0
$\begingroup$

I want to find the equation but use vector length notation and I'm not sure about how to write it. $$ a) r = 2, A(-1; 1)$$

the line I'm not sure - $$|[x-x_0 , y-y_0]|^2 = r^2$$ then I do $$(x+1)^2 + (y-1)^2 = 4$$

Then for B) , the same thing but for a sphere $$ b) r = 9, A(3;-2;-1) $$

the line I'm not sure - $$|[x-x_0 , y-y_0, z-z0]|^2 = r^2$$ then I do $$(x-3)^2 + (y+2)^2 + (z+1)^2 = 81$$

Is this the right way to do it ? $$|[x-x_0 , y-y_0]|^2 = r^2$$

1 Answers 1

1

Let $p = (x,y)$ be arbitray point of the $xy$ plane. Circle is a locus of points that are equidistant from one point, called center of the circle.
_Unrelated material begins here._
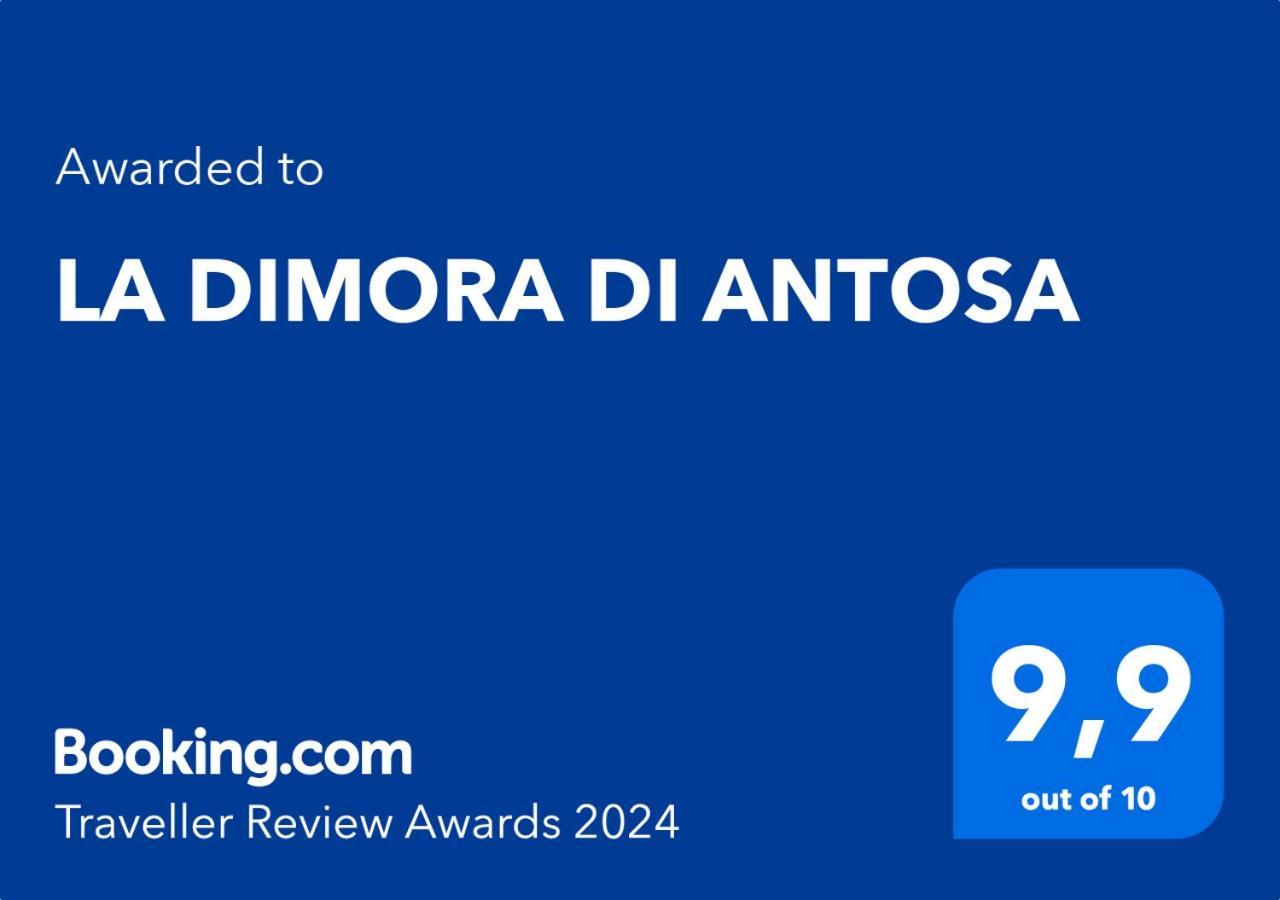 Apartment La Dimora Di Antosa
In this case it is $A(-1,1)$. To write this in vector notation: $$|p-A|=r$$ Now let's put the coordinates and the value for $r$: $$|(x+1,y-1)|= 2$$ I think this is what you are asked for. But you could put it also the other way: $$\sqrt{(x+1)^2+(y-1)^2}=2$$ or $$(x+1)^2 + (y-1)^2=4$$

Use which ever expretion is more sweatable for you.